# Notebook for Generating dataframes from multiple sessions

Pilot 3 added more checks for engagement early in the experiment.
Iteration names:
'pre-pilot3':

## 1. Read in packages and set up server connection
This first section will read in necessary packages for anaysis and establish file paths and connections to the mongo db server

In [82]:
import os
import sys
import urllib, io
os.getcwd()
sys.path.append("..")
sys.path.append("../utils")
sys.path.append("../analysis/utils")


import numpy as np
import scipy.stats as stats
import pandas as pd

import pymongo as pm
from collections import Counter
import json
import re
import ast

from PIL import Image, ImageOps, ImageDraw, ImageFont 

from io import BytesIO
import base64

import  matplotlib
from matplotlib import pylab, mlab, pyplot
%matplotlib inline
from IPython.core.pylabtools import figsize, getfigs
plt = pyplot
import matplotlib as mpl
mpl.rcParams['pdf.fonttype'] = 42

import seaborn as sns
sns.set_context('talk')
sns.set_style('darkgrid')

from IPython.display import clear_output

import warnings
warnings.filterwarnings("ignore", category=DeprecationWarning)
warnings.filterwarnings("ignore", message="numpy.dtype size changed")
warnings.filterwarnings("ignore", message="numpy.ufunc size changed")
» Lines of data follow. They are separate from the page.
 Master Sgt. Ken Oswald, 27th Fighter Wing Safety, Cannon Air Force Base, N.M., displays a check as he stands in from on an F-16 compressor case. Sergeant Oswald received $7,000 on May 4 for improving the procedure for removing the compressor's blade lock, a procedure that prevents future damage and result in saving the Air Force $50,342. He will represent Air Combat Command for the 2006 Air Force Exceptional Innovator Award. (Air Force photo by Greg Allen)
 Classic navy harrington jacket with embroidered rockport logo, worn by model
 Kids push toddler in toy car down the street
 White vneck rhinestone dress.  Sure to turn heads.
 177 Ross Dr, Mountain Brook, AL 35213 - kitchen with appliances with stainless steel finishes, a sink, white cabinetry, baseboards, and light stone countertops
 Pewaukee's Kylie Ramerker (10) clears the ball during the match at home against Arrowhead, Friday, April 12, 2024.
import drawing_utils as drawing
import importlib
import scoring

In [83]:
## directory & file hierarchy
proj_dir = os.path.abspath('..')
datavol_dir = os.path.join(proj_dir,'data')
analysis_dir =  os.path.abspath('.')
results_dir = os.path.join(proj_dir,'results')
plot_dir = os.path.join(results_dir,'plots')
csv_dir = os.path.join(results_dir,'csv')
json_dir = os.path.join(results_dir,'json')
exp_dir = os.path.abspath(os.path.join(proj_dir,'behavioral_experiments'))
png_dir = os.path.abspath(os.path.join(datavol_dir,'png'))

## add helpers to python path
if os.path.join(proj_dir,'stimuli') not in sys.path:
    sys.path.append(os.path.join(proj_dir,'stimuli'))
    
if not os.path.exists(results_dir):
    os.makedirs(results_dir)
    
if not os.path.exists(plot_dir):
    os.makedirs(plot_dir)   
    
if not os.path.exists(csv_dir):
    os.makedirs(csv_dir)       

In [71]:
# set vars 
auth = pd.read_csv(os.path.join(analysis_dir,'auth.txt'), header = None) # this auth.txt file contains the password for the sketchloop user
pswd = auth.values[0][0]
user = 'sketchloop'
host = 'cogtoolslab.org'

# have to fix this to be able to analyze from local
import pymongo as pm
conn = pm.MongoClient('mongodb://sketchloop:' + pswd + '@127.0.0.1')
db = conn['compositional-abstractions']
coll = db['two-towers']

# which iteration name should we use?
iterationName = 'pilot_class_test'

## look up number of trials (including paired-practice)
numTrials = 13

In [59]:
# look into failType

## 2. Construct tidy dataframe with game data

### establish connection to mongo
First thing you need to do is to establish an ssh tunnel (aka remote port forwarding) to the server, so that requests to the mongodb can be made "as if" the mongodb server is running on your local computer. Run this from the command line before you begin data analysis if you plan to fetch data from mongo:

`ssh -fNL 27017:127.0.0.1:27017 USERNAME@cogtoolslab.org`

#### Pass in list of iterations, returns list of total games and completed games for each

In [73]:
## get list of all gameIDs in database
#iterationList = ['livetest0','pilot0','pilot2']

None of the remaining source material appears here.